This year the Man Booker was opened up to American authors and this novel was on the shortlist. It’s a real oddity, clever and quirky and unusual enough to get on the shortlist but possibly too quirky to win! It’s about a dentist who finds someone has set up a fake website for his practice, followed by a Facebook page and a Twitter profile linked to a fringe religious sect, a worry for an avowed atheist. A weird and often very funny book with a serious core to it.

Nychtophobia Christopher Fowler

Fowler is the author of the highly entertaining Bryant and May mystery series and a couple of droll autobiographies. He’s a fan of horror movies and has written some horror tales for a small British imprint and this novel is one of these. It’s a genuinely strange story of a woman whose well-off husband  buys a large house in Spain. Weird things occur and they seem to be linked to the history of the house and what happened in Spain in the time of the Civil War. Past and present combine in a novel which brings a new twist to the haunted house genre.

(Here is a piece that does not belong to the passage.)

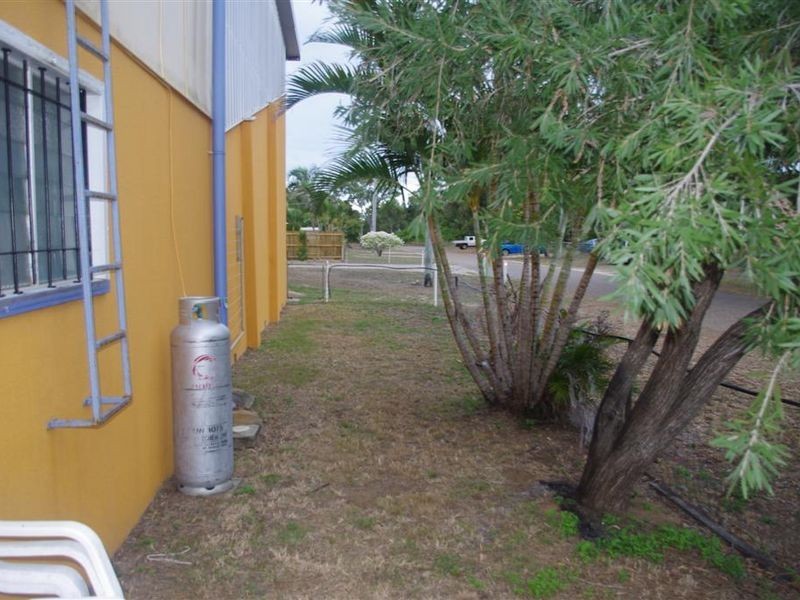 Unit 1/124 Soldiers Road, Bowen QLD 4805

Fourth of July Creek Smith Henderson

If you’re looking for something cosy don’t go near this first novel about a social worker in a small depressed American town in the 1980s. The main character is trying to help a rural family with a paranoid survivalist father. At the same time his private life is falling apart with his marriage breaking up and his teenage daughter becoming a runaway. A screwed up central character who’s trying hard to do the right thing in a world that shouldn’t be this difficult makes for a gripping and powerful novel, one of the best debuts for some time.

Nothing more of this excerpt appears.